Our weekly podcast includes in-depth analysis of the music we find extraordinary, exciting, and just plain terrible. This week Reviews Director Jeremy D. Larson hosts Contributing Editor Jayson Greene and Features Editor Ryan Dombal to talk about Greene’s recent piece “The Untold Story of Elliott Smith’s Teenage Band,” in which the beloved singer-songwriter’s old friends reminisce about the six albums they made together in the mid-to-late 1980s. The episode also includes comparisons of songs Smith sang in his high school days alongside striking similar moments from his solo catalog, shedding new light on his artistic process.
Listen to this week’s episode below, and follow The Pitchfork Review here. You can also check out an excerpt of the podcast’s transcript below.
Jayson Greene: A lot of these high school recordings, along with the stories his friends told me, offer counter-programming to this caricature of Elliott Smith as the ultimate sad-guy singer-songwriter. I mean, these were not miserable kids who were made to feel like they were loners and outcasts. These were kids who were accepted. Two of his old bandmates, Glynnis Fawkes and Garrick Duckler, were put on the ballot for homecoming royalty; talking about that, Glynnis said, “If that was ironic, I don’t know,” [laughs] but it speaks to who they were. They were happy.

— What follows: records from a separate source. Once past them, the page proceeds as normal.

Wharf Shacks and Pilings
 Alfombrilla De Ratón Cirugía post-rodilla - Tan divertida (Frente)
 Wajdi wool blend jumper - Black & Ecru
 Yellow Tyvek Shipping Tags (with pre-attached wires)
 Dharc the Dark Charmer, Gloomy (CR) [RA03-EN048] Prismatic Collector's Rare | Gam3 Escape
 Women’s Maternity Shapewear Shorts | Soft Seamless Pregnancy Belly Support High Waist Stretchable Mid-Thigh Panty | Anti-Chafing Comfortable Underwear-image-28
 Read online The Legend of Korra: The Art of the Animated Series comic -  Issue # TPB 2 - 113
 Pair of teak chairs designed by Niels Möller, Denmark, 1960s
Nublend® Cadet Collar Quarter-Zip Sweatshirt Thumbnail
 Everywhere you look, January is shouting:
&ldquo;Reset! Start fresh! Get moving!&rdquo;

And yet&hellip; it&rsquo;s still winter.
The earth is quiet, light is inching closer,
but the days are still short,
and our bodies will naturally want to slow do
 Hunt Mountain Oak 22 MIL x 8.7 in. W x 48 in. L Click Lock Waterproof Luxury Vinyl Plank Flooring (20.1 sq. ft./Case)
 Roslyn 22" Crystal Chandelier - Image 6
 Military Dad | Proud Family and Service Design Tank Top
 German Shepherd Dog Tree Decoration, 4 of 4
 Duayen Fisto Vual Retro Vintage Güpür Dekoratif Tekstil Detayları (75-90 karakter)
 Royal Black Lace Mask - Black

And this was the ’80s, when every rock song had a compulsory guitar solo.
Ryan Dombal: Do you remember any specific songs with guitar solos that really pop off?
Greene: The one that comes to my mind is “Small Talk”—boy, just the first 10 seconds alone, there’s this sort of Dave Navarro-y stop-start groove. It’s not an Eddie Van Halen solo per se, but there’s these wild riffs going off in the background, and it’s strutting. To be blunt and indelicate, it’s essentially Elliott Smith getting his cock rock on, because the opening line is something about a naked woman, and he’s grunting. But it’s so endearing. It’s hard to feel anything but affection for this sort of thing.